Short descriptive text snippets
+ + + + + + +
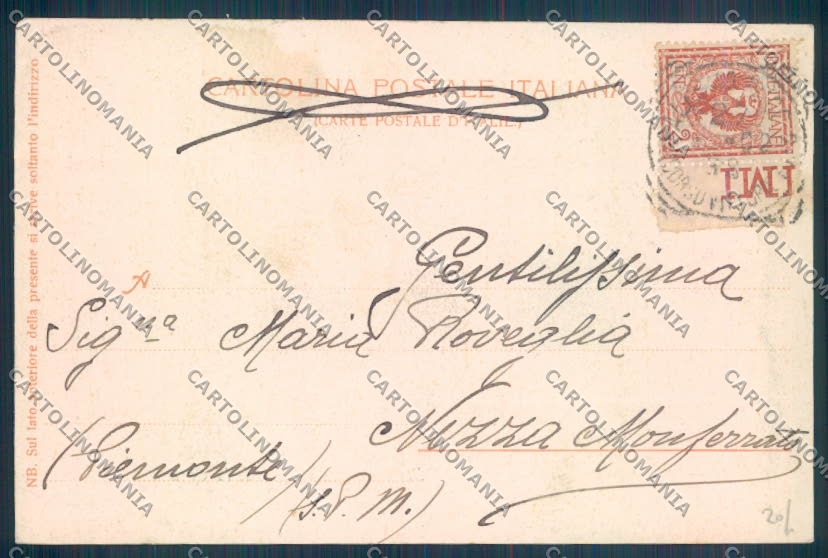 Palermo Città Porto cartolina ZT8188 – retro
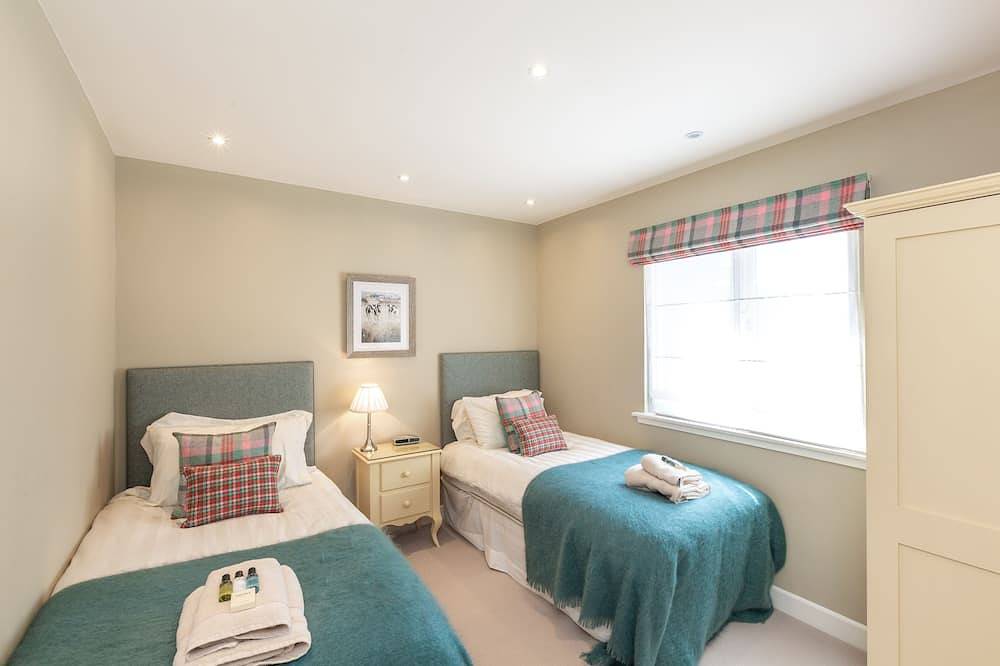 Swilken View, 5-Sterne-Selbstversorgerhaus mit Blick auf den alten Golfplatz in St. Andrews in St Andrews, Region Fife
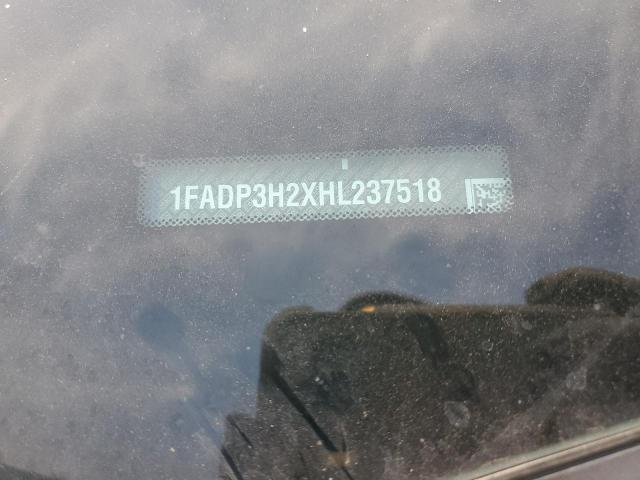 1FADP3H2XHL237518 Ford FOCUS SEL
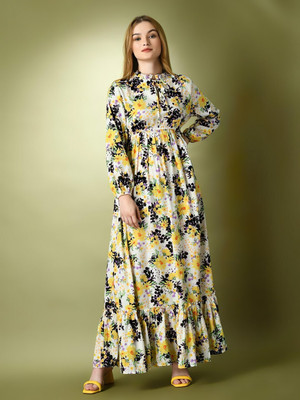 ZWERLON Flared/A-line Gown(White)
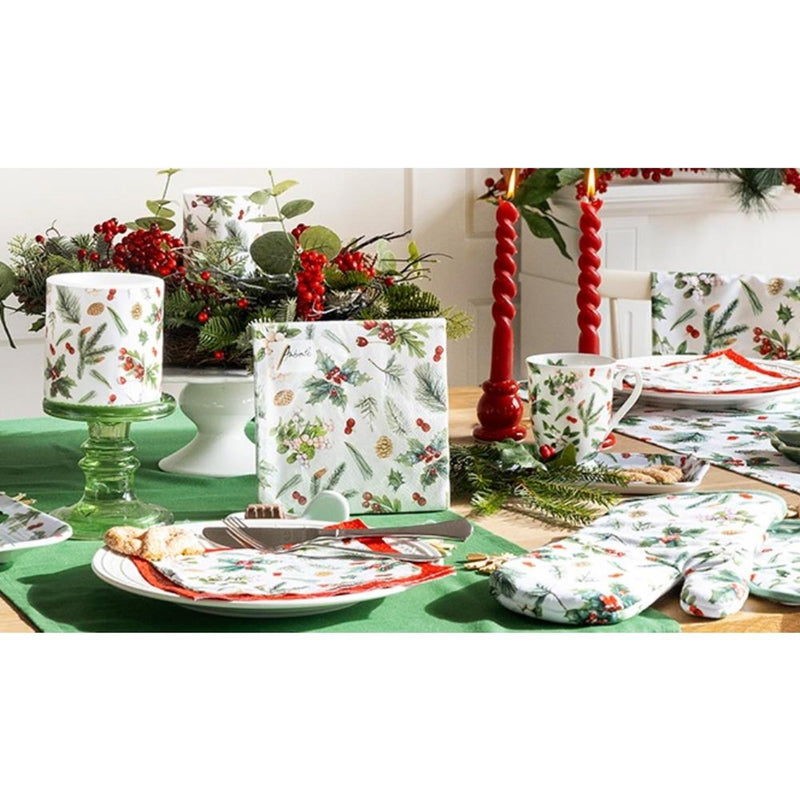 Load image into Gallery viewer, Ambiente glas winter greenery 200ml wit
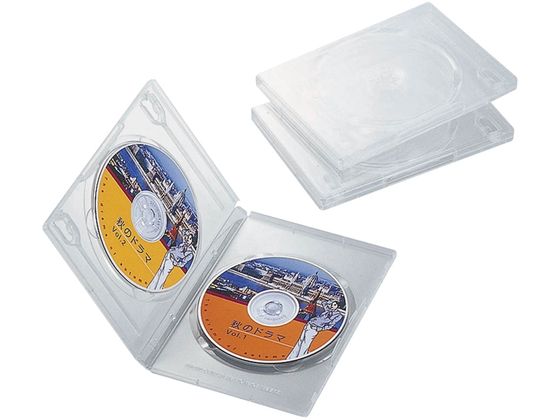 [ ваш заказ ] Elecom DVD высокий кейс двусторонний место хранения 3 листов упаковка прозрачный CCD-DVD04CR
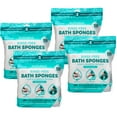 Scrubzz Rinse Free Bath Sponge, No Rinse Bath Wipes, Sensitive Skin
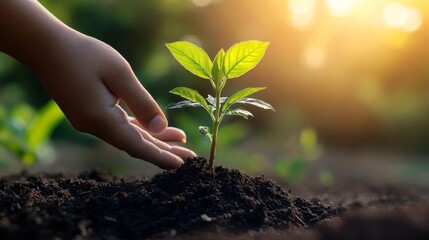 Green corporate. Business with environmentally conscious and sustainability. For next generation.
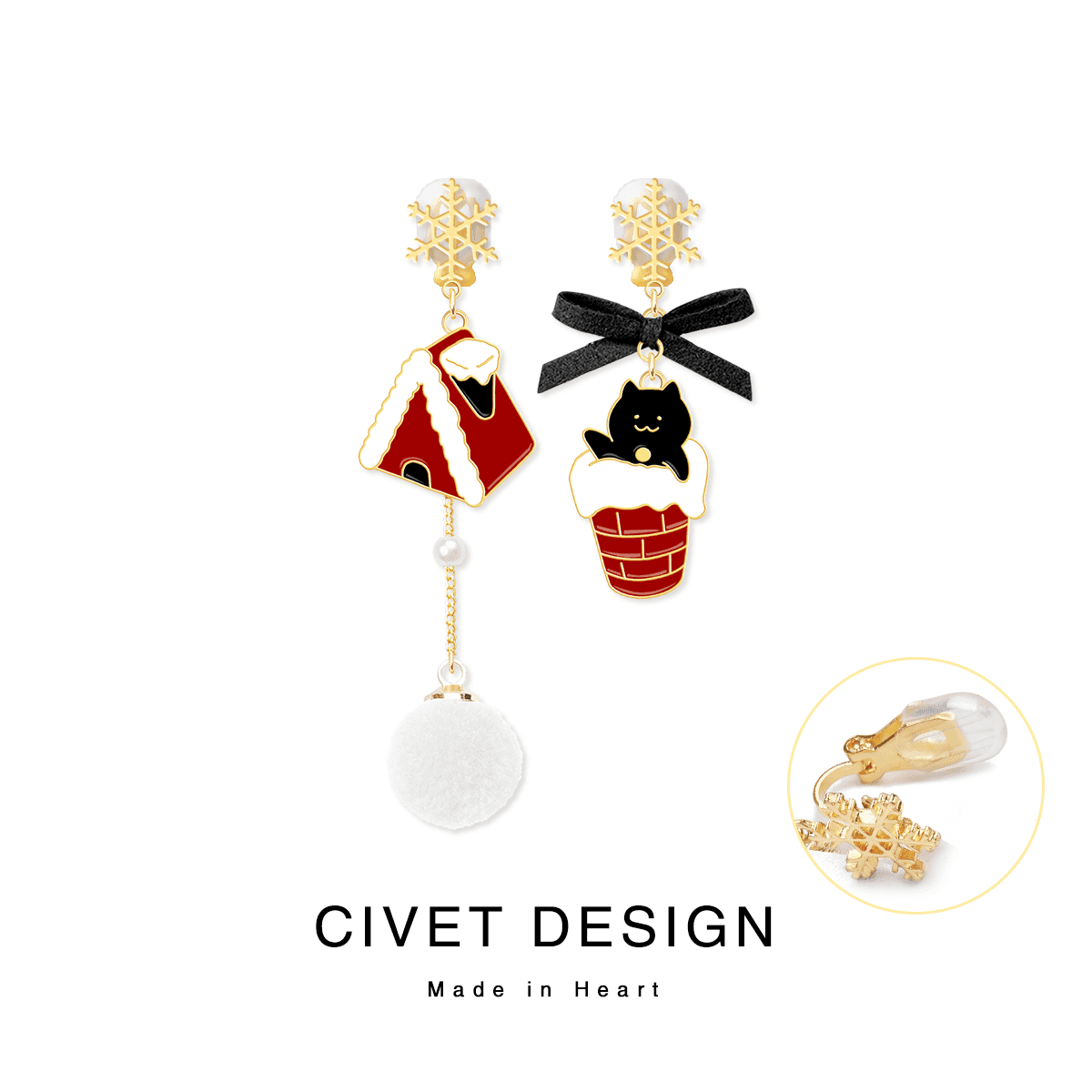 CIVET Lucky Earrings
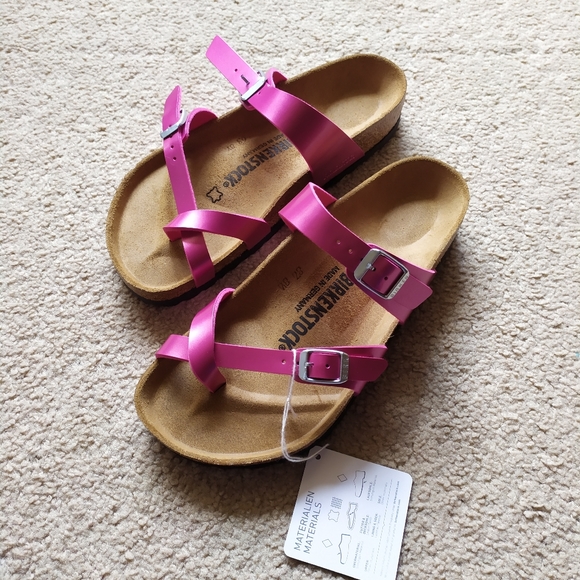 Birkenstock mayari metallic cut magenta NWT - Picture 3 of 8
+ + + + + + +
▸ **Aim of the exercise**
Transcribe exactly the lines from the one with "Green corporate. Business" to the last line of the records, both included, so that no picture appears in the copy.

▸ **Exercise response**
 Green corporate. Business with environmentally conscious and sustainability. For next generation.
 CIVET Lucky Earrings
 Birkenstock mayari metallic cut magenta NWT - Picture 3 of 8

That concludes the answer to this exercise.